Era la primera vez que Richard veía con toda claridad la soledad en la que vivía Kahlan. ¿Podría soportar esa soledad él mismo? Sumido en el gélido dolor que lo atenazaba comprendió que Kahlan necesitara tanto un amigo.

—¿Esto es lo que llamas una escolta adecuada? —bramó Zedd—. Bueno, tendremos que conformarnos. —Entonces se volvió hacia Kahlan y le dijo, con una profunda reverencia—: Os pido disculpas por la insolencia de este hombre, Madre Confesora, y por la insignificante escolta que os ofrece.

Kahlan posó los ojos en Zedd e inclinó levemente la cabeza.

Aunque sabía que no tenía ningún derecho, Richard sentía que el corazón se le aceleraba al ver a Kahlan ataviada con aquel vestido que le marcaba las formas.
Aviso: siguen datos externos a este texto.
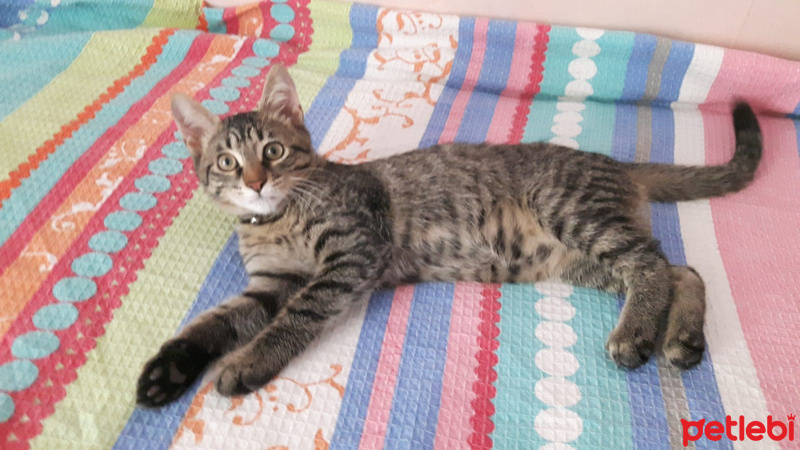 Tekir Kedi, Kedi  Dobby fotoğrafı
Los soldados de la escolta esperaban, vigilando disimuladamente a la Madre Confesora. Cuando ésta echó a andar, todos la siguieron. Los caballos levantaron polvo al atravesar las puertas.

Zedd se puso al lado de Richard mientras la procesión empezaba a moverse. Al pasar junto al capitán le espetó:

—¡Da gracias de que la Madre Confesora no sabe cómo te llamas!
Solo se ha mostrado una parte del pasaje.